- **What to work on**:
Reproduce each line of the following material exactly, omitting the images.

- **Input data**:
────

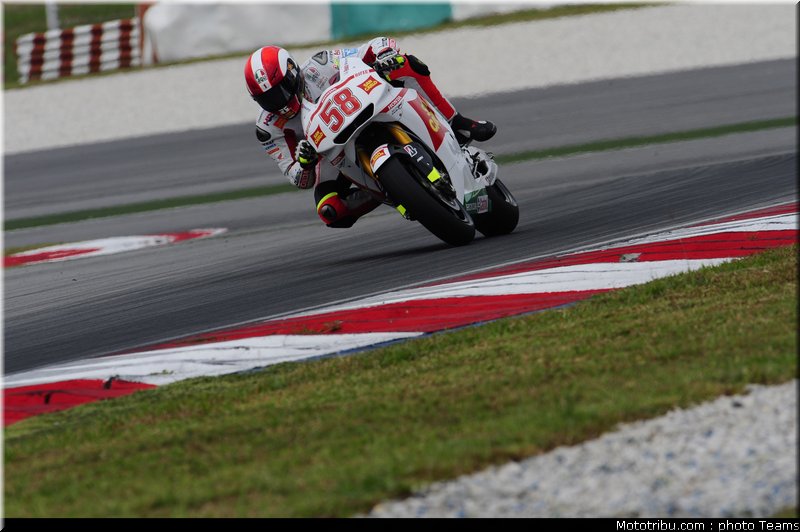 simoncelli_12_motogp_2010_test_sepang2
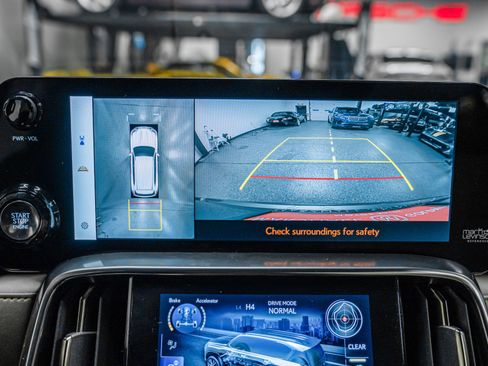 Used 2024 Lexus LX 600 4WD w/ Luxury Package image 37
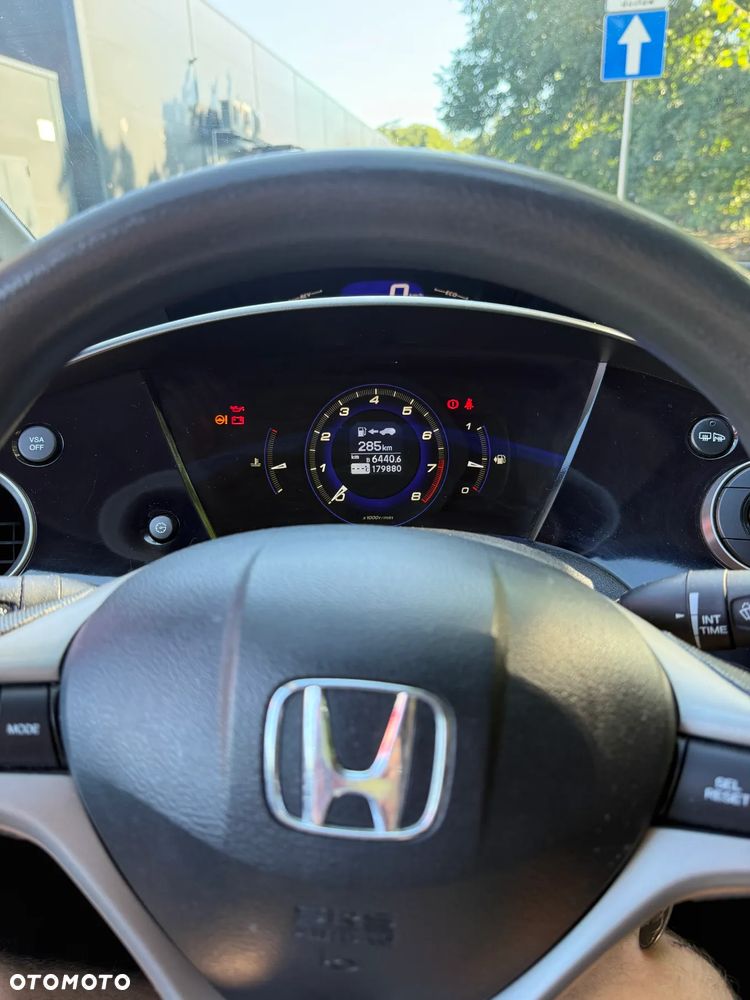 Honda Civic 1.8 Comfort - 29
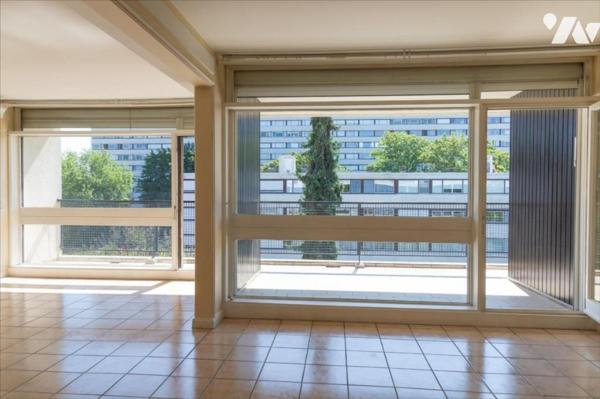 Notaire - F6 - LILLE 'MAURICE PELLEVOISIN' - Exclusivité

────

- **Answer box**:
 simoncelli_12_motogp_2010_test_sepang2
 Used 2024 Lexus LX 600 4WD w/ Luxury Package image 37
 Honda Civic 1.8 Comfort - 29
 Notaire - F6 - LILLE 'MAURICE PELLEVOISIN' - Exclusivité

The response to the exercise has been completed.